«Es gibt nie eine absolute Sicherheit»

Bundesrat Beat Jans (SP) referiert heute Abend am Pfeffinger Forum zum Thema «Offenheit oder Abschottung». Im Interview erklärt er, was der Bundesrat für die innere Sicherheit unternimmt, wie die hohen Asylzahlen bewältigt werden können und ob der Auftritt in seiner Heimatregion etwas Besonderes ist.

Quasi ein Heimspiel für den Basler: Beat Jans ist heute in Pfeffingen zu Gast. Foto: CH Media Archiv / Lorena La Spada
Quasi ein Heimspiel für den Basler: Beat Jans ist heute in Pfeffingen zu Gast. Foto: CH Media Archiv / Lorena La Spada

Herr Bundesrat Jans, können Sie der Bevölkerung als Vorsteher des Eidgenössischen Justiz- und Polizeidepartements (EJPD) versichern, dass die Schweiz in Sachen Sicherheit gut aufgestellt ist?

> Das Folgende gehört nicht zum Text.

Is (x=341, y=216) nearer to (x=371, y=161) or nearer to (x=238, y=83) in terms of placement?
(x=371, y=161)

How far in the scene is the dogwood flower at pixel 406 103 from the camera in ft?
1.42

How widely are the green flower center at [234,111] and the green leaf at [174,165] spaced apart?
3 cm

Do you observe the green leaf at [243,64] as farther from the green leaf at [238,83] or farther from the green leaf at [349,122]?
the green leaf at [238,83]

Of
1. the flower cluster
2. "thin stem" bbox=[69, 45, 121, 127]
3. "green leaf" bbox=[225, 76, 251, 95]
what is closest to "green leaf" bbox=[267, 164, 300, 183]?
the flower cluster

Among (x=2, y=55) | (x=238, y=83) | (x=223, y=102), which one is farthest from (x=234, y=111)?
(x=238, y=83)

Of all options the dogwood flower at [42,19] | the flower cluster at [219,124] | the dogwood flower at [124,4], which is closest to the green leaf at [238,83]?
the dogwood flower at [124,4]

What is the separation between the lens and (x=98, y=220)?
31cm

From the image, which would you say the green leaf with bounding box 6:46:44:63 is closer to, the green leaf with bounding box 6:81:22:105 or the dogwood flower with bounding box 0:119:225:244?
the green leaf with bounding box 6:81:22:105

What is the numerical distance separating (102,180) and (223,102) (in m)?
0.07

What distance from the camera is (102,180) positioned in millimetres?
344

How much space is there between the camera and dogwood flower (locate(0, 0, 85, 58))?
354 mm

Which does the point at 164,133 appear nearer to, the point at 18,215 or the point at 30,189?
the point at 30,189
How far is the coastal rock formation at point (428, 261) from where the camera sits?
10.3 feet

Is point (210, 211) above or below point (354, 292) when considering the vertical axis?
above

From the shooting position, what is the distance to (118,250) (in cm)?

Beat Jans: Die Schweizer Bevölkerung darf sich sicher fühlen. Die Sicherheit gehört zu unseren wichtigsten Aufgaben. Gemeinden und Städte, Kantone und Bund arbeiten gut und eng zusammen. Jede Ebene hat ihre Zuständigkeiten, die sie wahrnimmt. In der Praxis ist das zum einen anspruchsvoll, zum anderen aber auch ein grosser Vorteil, weil wir in der Schweiz nah bei den Menschen und den Problemen sind. Man muss sich aber auch immer bewusst sein, dass es nie eine absolute Sicherheit gibt, auch wenn wir sehr gut aufgestellt sind.

Sie sind seit dem 1. Januar 2024 EJPD-Vorsteher. An welchen Stellschrauben haben Sie seitdem gedreht, um die Sicherheit im Land zu erhöhen?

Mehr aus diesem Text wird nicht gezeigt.